Attorney Marc Grossman Wins Freedom Of Convicted Murderer After 20 Years in Prison
After more than 20 years in prison and several failed attempts for parole, Attorney Marc Grossman of Upland, California was able free a victim of gay bashing convicted of murder in 1986. Despite many state and federal court decisions concluding that Robert Rosenkrantz’s constitutional rights of due process had been violated by California’s parole system by continuing to deny him parole after he had served more than the minimum length of his sentence, first Governor Grey Davis and then Governor Arnold Schwarzenegger had repeatedly denied Rosenkrantz the opportunity for parole until attorney Marc Grossman was able to secure his release.
Gay Bashing Precipitated the Murder
Rosenkrantz was just out of highschool and barely 18 years old in 1985. It was a different time, when being gay was not an accepted social norm and coming out could expose you to bullying and other forms victimization especially if you were a high school student. One night in June 1985, Rosenkrantz was with a male companion in his parents’ beach house, when his younger brother Joey and a friend, Steven Redman, a classmate of Rosenkrantz, arrived to spy on him. Redman had suspected that Rosenkrantz was gay and now Redman knew first hand. Redman kicked in the door of the beach house and yelled, “Get the fuck out of here you faggots,” and then struck Rosenkrantz with the flashlight, breaking his nose. Joey, was carrying a stun gun and burned his brother’s hand while attempting to use it on him. Rosenkrantz ran out to his car and retrieved a BB gun. He used it to try to pin down Redman and Joey to prevent them from leaving the beach house. Joey and Redman called Rosenkrantz’s father and, when he arrived, they told him that they had seen Rosenkrantz with another man engaged in a sex act.

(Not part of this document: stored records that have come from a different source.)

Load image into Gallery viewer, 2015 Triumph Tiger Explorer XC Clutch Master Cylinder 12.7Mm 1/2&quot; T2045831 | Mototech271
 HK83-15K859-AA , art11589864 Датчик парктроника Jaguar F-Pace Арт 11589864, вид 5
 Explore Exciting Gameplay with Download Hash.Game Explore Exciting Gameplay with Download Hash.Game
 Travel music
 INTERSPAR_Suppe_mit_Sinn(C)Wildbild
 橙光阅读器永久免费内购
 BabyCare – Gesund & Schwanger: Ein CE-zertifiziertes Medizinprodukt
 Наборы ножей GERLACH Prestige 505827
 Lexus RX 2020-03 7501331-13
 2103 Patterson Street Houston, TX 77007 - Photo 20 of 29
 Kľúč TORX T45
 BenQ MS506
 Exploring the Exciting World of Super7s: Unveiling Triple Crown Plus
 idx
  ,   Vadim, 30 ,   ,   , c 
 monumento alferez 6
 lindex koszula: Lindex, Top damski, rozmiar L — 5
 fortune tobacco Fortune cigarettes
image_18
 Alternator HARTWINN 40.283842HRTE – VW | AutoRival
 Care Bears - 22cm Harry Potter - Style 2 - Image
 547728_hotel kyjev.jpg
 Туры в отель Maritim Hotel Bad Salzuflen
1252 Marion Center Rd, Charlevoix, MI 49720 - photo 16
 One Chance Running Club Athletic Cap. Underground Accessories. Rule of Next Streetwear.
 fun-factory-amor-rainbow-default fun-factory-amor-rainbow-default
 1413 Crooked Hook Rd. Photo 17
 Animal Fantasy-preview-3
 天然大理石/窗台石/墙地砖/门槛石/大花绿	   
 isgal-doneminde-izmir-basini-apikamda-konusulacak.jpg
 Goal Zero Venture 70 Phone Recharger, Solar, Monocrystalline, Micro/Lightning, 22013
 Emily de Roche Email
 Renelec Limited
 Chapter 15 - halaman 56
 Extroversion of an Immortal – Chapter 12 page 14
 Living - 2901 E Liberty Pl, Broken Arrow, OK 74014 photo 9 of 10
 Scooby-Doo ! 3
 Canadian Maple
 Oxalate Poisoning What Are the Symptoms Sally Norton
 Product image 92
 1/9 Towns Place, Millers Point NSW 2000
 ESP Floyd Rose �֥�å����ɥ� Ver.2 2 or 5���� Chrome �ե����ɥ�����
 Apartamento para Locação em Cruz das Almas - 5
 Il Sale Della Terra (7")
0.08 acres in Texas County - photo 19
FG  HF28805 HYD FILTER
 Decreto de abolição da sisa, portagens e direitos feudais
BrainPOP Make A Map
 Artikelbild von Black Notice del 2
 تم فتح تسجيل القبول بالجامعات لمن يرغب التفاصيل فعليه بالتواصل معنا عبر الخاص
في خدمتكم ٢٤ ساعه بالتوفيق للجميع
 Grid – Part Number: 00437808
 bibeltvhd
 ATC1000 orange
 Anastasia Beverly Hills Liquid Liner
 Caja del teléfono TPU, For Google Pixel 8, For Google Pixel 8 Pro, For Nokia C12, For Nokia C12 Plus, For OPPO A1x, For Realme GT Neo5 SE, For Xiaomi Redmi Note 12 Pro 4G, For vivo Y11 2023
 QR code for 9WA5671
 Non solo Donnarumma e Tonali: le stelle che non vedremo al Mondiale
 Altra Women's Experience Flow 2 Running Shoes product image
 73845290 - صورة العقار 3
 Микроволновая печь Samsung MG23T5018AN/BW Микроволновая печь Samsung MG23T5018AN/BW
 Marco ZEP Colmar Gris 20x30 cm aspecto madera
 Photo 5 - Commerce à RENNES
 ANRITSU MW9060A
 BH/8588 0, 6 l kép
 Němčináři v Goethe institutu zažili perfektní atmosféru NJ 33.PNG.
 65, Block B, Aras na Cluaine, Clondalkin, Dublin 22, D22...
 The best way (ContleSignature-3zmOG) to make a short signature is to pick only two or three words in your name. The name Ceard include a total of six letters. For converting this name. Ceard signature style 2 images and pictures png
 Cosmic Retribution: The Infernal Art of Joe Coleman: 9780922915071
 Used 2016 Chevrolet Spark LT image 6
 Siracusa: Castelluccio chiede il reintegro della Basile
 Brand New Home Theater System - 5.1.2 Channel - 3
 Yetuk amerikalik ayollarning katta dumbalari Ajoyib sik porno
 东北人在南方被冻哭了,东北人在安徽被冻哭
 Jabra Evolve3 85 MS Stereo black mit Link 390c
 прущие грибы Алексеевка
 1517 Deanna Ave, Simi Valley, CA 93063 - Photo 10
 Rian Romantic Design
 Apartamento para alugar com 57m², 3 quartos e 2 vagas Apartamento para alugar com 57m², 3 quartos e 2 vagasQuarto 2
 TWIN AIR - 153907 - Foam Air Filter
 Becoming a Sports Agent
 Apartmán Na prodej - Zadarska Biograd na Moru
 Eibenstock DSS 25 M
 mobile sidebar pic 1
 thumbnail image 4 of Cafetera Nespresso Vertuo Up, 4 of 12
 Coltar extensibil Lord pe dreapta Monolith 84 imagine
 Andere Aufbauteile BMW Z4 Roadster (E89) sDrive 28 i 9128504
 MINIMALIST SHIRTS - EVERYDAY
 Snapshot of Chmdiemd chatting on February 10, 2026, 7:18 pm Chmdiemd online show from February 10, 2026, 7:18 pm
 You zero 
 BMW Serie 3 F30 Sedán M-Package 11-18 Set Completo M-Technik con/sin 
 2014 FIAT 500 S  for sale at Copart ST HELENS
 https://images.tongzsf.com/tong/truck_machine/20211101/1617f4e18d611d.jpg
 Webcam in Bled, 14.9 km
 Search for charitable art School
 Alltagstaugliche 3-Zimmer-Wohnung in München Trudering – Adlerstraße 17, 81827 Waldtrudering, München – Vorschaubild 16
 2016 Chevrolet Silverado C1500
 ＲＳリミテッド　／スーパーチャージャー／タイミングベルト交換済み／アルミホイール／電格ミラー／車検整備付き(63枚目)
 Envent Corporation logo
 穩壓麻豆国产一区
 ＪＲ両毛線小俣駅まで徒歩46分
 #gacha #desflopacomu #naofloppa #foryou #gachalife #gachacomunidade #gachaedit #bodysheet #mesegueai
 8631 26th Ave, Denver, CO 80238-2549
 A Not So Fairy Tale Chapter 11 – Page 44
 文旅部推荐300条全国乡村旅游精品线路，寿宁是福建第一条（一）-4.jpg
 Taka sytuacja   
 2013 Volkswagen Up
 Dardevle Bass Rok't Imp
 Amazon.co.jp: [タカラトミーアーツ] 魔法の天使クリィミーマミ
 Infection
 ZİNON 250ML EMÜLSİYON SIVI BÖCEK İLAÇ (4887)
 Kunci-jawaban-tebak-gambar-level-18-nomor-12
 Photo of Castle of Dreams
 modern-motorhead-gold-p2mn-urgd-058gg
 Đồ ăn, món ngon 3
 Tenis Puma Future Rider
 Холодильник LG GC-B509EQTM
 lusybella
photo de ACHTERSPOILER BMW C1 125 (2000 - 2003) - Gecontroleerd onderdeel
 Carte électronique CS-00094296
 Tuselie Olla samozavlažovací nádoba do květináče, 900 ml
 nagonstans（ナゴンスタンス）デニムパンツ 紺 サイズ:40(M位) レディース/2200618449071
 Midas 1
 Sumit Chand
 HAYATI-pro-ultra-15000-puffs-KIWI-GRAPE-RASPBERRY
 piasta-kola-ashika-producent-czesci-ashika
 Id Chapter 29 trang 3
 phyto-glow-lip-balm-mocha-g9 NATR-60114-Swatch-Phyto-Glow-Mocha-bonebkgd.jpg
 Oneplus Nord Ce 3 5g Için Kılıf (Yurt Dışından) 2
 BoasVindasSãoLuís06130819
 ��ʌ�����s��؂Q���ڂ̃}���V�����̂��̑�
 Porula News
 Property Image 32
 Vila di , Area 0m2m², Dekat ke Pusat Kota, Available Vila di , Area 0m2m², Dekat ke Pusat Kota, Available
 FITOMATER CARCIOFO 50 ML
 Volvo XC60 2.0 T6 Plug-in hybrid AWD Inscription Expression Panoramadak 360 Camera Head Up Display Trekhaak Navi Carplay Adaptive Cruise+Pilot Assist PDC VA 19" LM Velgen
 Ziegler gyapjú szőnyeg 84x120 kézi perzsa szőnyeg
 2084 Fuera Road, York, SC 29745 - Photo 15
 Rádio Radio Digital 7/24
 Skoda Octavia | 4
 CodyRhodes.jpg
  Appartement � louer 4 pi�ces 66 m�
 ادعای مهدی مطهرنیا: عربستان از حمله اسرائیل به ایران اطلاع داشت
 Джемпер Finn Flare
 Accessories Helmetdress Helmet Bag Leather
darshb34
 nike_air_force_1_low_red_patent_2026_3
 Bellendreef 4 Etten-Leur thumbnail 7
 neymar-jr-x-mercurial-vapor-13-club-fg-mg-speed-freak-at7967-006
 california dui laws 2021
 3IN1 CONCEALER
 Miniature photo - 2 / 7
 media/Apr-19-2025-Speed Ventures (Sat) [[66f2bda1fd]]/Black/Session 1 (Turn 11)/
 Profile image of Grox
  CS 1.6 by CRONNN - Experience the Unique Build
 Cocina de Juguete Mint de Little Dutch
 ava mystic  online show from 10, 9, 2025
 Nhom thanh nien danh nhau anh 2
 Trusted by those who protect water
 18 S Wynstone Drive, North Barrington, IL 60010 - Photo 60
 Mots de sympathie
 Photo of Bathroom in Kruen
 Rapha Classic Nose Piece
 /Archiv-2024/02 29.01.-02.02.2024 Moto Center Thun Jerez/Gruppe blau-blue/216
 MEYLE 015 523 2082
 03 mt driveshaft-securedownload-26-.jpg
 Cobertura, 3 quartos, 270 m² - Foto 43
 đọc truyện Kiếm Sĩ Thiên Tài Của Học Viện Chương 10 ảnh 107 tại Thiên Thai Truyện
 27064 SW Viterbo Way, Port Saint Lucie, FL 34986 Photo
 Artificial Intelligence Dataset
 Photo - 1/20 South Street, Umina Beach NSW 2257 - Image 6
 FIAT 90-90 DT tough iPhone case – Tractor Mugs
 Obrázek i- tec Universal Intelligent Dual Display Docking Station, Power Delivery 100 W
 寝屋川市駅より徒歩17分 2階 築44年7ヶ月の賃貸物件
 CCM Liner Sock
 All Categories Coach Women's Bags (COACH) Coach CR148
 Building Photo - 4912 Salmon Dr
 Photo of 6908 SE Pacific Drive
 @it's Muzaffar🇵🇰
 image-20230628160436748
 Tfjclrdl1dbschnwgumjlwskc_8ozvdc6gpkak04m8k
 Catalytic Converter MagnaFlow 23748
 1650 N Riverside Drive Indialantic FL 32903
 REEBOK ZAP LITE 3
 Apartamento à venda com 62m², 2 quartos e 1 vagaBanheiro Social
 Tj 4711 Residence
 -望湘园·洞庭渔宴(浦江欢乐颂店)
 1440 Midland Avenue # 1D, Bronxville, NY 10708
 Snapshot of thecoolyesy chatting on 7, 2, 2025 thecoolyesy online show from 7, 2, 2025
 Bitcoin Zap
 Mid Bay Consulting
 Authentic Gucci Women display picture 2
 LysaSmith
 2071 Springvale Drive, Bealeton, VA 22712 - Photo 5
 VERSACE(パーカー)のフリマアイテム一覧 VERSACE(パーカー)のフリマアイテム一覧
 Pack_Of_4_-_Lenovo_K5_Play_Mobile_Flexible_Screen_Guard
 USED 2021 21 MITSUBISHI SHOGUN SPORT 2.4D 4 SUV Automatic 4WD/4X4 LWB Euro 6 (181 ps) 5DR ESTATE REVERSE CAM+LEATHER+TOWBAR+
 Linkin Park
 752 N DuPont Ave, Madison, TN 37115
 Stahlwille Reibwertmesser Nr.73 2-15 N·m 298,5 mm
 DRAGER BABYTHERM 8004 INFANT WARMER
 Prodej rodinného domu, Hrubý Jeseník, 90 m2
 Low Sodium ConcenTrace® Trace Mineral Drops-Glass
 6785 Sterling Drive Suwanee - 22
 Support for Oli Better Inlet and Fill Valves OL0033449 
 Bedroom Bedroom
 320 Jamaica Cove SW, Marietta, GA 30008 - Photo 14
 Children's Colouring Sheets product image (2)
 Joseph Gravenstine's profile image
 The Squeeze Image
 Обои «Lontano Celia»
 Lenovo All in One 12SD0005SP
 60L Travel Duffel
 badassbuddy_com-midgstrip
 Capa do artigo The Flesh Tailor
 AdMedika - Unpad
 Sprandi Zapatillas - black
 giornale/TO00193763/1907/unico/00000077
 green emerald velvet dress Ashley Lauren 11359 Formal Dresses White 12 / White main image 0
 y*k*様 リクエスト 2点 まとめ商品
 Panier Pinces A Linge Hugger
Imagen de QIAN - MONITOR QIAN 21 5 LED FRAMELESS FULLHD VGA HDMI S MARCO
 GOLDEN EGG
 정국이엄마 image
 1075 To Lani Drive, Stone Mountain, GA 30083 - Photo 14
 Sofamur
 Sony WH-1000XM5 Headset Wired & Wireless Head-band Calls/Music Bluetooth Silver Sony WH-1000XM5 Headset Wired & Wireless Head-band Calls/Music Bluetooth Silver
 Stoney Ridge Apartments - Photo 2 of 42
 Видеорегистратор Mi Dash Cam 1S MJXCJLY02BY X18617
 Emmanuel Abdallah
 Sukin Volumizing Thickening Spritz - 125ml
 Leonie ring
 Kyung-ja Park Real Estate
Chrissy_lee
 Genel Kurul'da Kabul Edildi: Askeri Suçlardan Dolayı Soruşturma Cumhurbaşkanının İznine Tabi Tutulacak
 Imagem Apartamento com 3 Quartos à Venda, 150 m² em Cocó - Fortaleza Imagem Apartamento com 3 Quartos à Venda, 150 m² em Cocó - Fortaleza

Rosenkrantz insisted to his father he was not gay and that the two were mistaken, but his father, angry, threw him out of the house. Rosenkrantz was distraught after having been outed in such a callous manner. He spent a few days living in his car, where he became more and more upset with the recent events. At some point he acquired an Uzi machine gun after which he confronted Redman and demanded that he take back what he had said to Rosenkrantz’s father. Redman refused and continued to taunt and ridicule Rosenkrantz calling him “faggot” and making other disparaging remarks. The teen was so angered by Redman’s actions that he shot him and killed him.
The Court Case
Prosecutors first sought a first degree murder, but understandably, the jury demonstrated empathy for Rosenkrantz, obviously recognizing that the teen was a victim of gay bashing. The result was that Rosenkrantz was convicted of second degree murder and sentenced to 15 years to life, plus two years for using a firearm.
Time in Prison
Rosenkrantz proved to be a model prisoner, compiling a perfect record, and earning two college degrees and a number of vocational certificates. He also completed every available therapy and counseling program and received stellar recommendations from prison officials in support of his applications for parole once he had served his minimum time.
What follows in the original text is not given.